I tore the page out of my notebook and threw it away into the wind and watched it float up and over towards Belize or maybe Paraguay. I opened my notebook to the first page where I had traced my hand and wrote the words we live only in your book of paintings here on the earth along the length of my ring finger. But it was so bumpy that none of it was legible and the letters looked like little worms burrowing under skin.

When we got to the clinic we unloaded Elias from the truck and carried him in. He was still groaning but we had stopped worrying about him. Marijke had gone off to wander around in the cornfield next to the barn. We had to walk past three deformed dogs to get to the desk where the nurse was sitting. Is this a vet or a clinic? said Wilson. It’s everything, I said. The nurse was my quasi cousin. She had white-blond hair like Aggie’s. Our great-grandpa had had thirty-one kids with three different wives who kept dying and we had all lost track of who was really who. She might have come from a different campo, like maybe 4 or 2.5 or something. She asked me if I was a Voth and I said yeah, you? She said no, Nickel, but used to be a Voth. I thought so, I said. She didn’t need to ask what was going on or who these guys were. She told us to carry Elias right into the doctor’s room and lay him down on the stretcher thing and the doctor would be there soon.

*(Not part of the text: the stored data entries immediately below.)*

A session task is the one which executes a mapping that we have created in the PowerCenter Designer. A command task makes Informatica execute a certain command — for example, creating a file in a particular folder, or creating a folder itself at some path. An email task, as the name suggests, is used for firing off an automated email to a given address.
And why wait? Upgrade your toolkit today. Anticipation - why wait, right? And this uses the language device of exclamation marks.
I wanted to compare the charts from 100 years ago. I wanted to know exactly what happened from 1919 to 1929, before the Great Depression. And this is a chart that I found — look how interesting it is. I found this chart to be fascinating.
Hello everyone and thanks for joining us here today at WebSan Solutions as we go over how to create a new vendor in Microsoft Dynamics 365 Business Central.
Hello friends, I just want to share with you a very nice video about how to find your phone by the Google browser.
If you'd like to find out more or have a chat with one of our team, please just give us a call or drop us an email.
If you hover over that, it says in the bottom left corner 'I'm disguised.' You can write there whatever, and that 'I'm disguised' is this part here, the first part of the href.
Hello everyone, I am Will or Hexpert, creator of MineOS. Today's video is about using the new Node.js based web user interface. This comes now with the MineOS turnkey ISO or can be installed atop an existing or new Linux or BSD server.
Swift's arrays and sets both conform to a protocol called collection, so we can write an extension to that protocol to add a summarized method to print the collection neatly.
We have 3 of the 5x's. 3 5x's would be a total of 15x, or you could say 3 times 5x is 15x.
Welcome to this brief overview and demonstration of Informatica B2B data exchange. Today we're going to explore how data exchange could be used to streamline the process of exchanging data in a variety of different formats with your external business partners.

We heard some screaming. Finally the doctor came and told us to leave so that he could examine Elias and we went and sat outside on a fence to wait. We heard more screams coming from the barn.

What is that? said Wilson.

A mother, I said. She’s having a baby in that other room next to Elias’s. We were all quiet, even Aggie, listening to the woman scream.

I would just say no way and take the doctor’s gun and shoot myself in the head, said Aggie.

We listened to the woman some more. Except for those screams there was no sound at all.

That’s her husband, I think, I said. I pointed to a guy sitting in a truck with a bunch of little kids.

Why doesn’t he go in? said Wilson.

They don’t do that, I said.

Elias finally came hobbling out of the barn with crutches that were too small so he was hunched over like a little old man. Wilson walked with him back to the truck and Aggie rounded up Oveja and I went into the corn to find Marijke so we could go. It took me a while and when I found her she was sitting in the dirt, crying. I crouched down next to her and asked her what was wrong and she told me that she kept opening and closing her eyes thinking that eventually, when she opened them, she would see her son standing there in front of her. She was afraid she was going nuts in this fucking desert. She wanted to go back to Germany but she was afraid that Diego would kill her.